More than four years after 13-year-old Jonathan King hanged himself using a rope his teacher had given him to hold up his pants, his parents will ask an appeals court to overturn a judge's ruling that their son's alternative school held no fault in his death.
Oral arguments are scheduled for this morning at the Georgia Court of Appeals. Jonathan's death, said E. Wycliffe Orr Sr., attorney for Don and Tina King of Murrayville, has "been very devastating to them, as you would expect, to this day."
Jonathan attended the Alpine Program in Gainesville, an alternative public school program in North Georgia that serves students ages 5 to 21 with severe behavioral or emotional disabilities.
He died Nov. 15, 2004, in a small seclusion room, which the school used to help students regain control if they became a physical danger. According to court documents, Jonathan was put in the room following an outburst that included violent behavior toward another student. A teacher asked if he needed to take away the rope but Jonathan said he intended to behave.

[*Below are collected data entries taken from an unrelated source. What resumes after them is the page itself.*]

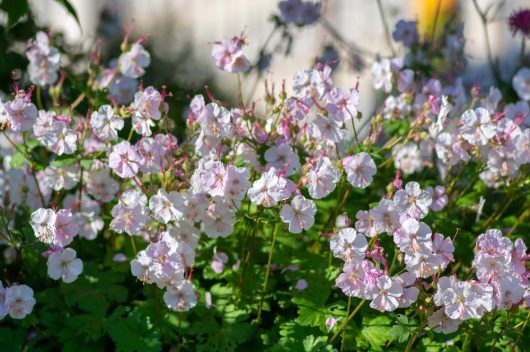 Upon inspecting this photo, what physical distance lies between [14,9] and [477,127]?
1271mm

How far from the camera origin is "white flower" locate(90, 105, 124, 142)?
2.18m

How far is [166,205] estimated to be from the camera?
2016mm

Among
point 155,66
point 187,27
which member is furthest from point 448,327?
point 187,27

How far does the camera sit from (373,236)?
A: 1933 mm

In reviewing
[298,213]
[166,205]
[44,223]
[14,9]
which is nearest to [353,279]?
[298,213]

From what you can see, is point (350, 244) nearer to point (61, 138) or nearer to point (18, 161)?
point (61, 138)

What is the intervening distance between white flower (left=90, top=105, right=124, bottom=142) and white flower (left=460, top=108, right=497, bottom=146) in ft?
2.73

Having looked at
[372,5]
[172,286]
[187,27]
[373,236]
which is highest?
[372,5]

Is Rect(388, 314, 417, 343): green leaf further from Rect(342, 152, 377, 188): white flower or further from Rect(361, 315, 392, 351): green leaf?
Rect(342, 152, 377, 188): white flower

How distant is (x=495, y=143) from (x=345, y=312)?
560mm

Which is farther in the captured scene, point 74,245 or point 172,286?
point 74,245

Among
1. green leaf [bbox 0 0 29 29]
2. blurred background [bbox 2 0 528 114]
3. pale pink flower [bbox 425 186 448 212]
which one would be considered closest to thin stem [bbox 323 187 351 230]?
pale pink flower [bbox 425 186 448 212]

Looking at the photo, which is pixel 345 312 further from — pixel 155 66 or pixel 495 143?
pixel 155 66

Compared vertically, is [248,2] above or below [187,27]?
above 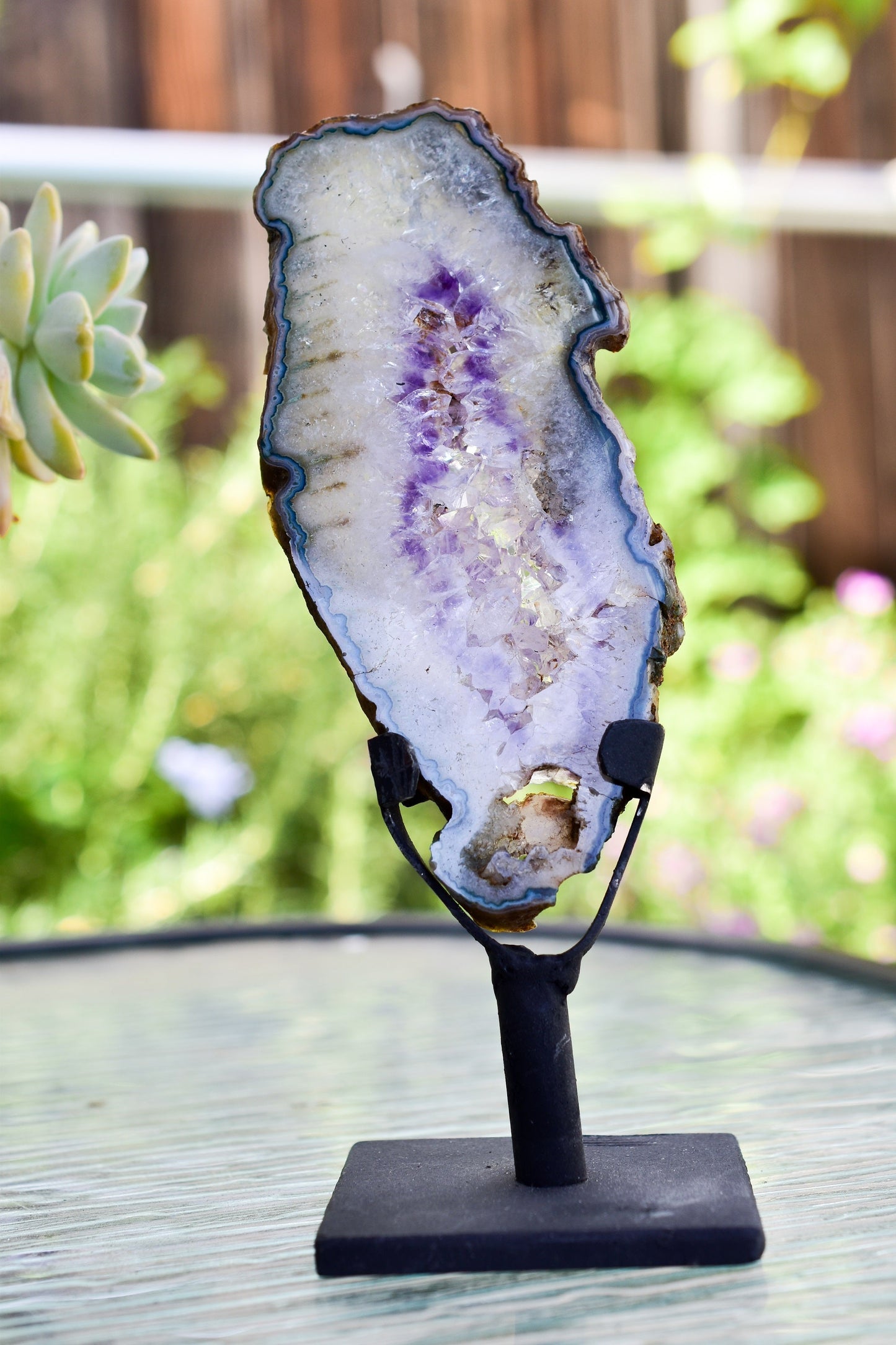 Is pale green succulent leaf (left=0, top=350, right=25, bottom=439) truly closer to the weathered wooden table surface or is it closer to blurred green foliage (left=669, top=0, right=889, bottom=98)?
the weathered wooden table surface

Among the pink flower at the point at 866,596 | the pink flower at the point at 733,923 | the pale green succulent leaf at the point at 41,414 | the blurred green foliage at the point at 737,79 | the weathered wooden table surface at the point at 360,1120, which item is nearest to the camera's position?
the weathered wooden table surface at the point at 360,1120

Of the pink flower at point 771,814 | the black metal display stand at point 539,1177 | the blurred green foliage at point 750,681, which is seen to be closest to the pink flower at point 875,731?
the blurred green foliage at point 750,681

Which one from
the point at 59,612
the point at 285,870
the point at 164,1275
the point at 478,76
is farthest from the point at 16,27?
the point at 164,1275

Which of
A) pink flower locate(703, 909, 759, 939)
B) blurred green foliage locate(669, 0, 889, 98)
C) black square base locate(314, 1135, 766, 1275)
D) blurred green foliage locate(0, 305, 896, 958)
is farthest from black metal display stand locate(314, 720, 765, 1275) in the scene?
blurred green foliage locate(669, 0, 889, 98)

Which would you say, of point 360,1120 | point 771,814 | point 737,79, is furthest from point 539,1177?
point 737,79

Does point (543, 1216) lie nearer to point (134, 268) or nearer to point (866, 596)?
point (134, 268)

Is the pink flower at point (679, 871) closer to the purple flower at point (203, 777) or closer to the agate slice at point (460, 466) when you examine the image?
the purple flower at point (203, 777) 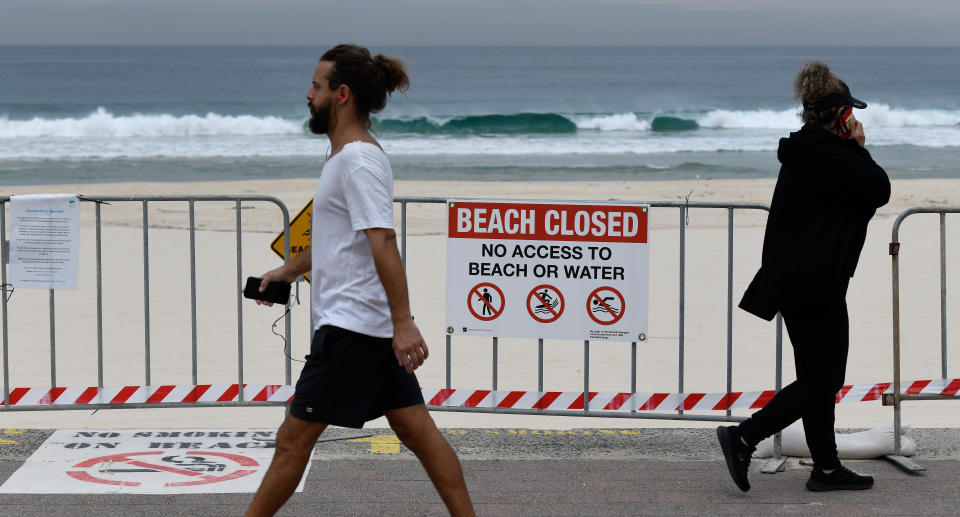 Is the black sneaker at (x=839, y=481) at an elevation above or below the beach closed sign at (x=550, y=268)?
below

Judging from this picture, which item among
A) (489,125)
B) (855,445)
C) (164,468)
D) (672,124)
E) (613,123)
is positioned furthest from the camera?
(613,123)

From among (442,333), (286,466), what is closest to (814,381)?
(286,466)

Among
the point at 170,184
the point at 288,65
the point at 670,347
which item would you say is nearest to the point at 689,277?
the point at 670,347

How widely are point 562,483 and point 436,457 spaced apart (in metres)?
1.21

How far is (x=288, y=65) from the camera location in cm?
10038

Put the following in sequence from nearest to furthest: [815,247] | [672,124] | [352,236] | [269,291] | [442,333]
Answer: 1. [352,236]
2. [269,291]
3. [815,247]
4. [442,333]
5. [672,124]

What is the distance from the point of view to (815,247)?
185 inches

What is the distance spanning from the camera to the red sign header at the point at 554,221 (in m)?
5.47

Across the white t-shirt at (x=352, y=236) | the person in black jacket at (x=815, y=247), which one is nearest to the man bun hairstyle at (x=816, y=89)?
the person in black jacket at (x=815, y=247)

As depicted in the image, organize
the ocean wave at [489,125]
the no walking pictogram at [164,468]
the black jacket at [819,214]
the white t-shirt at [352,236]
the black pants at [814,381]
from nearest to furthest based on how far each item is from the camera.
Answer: the white t-shirt at [352,236] < the black jacket at [819,214] < the black pants at [814,381] < the no walking pictogram at [164,468] < the ocean wave at [489,125]

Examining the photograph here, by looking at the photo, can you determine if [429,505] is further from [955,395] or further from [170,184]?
[170,184]

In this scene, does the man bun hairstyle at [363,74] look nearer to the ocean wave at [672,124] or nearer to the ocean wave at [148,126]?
the ocean wave at [148,126]

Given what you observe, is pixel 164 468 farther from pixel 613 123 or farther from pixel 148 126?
pixel 613 123

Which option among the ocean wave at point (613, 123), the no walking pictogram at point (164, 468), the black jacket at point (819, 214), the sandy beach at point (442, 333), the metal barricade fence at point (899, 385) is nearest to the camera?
the black jacket at point (819, 214) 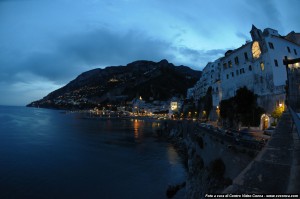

The use by institutions of seclusion rooms has drawn national attention.
A report in May by the federal Government Accountability Office found hundreds of cases of alleged abuse and death over the last two decades related to the use of seclusion and restraint of school children. No federal laws restrict the use of these methods in schools but U.S. Rep. George Miller (D-Calif.), as chairman of the House Committee on Education and Labor, has called for one.
Jonathan's parents argue their son's treatment at the school was unconstitutional and the school failed to protect him from self-harm.
Hall County Chief Superior Court Judge C. Andrew Fuller in January disagreed and dismissed their lawsuit against Alpine and the Pioneer Regional Education Service Agency, under which the program operates.
The Kings also sued Georgia's Department of Education, but Fuller last year ruled the department was not mandated to create seclusion-room regulation.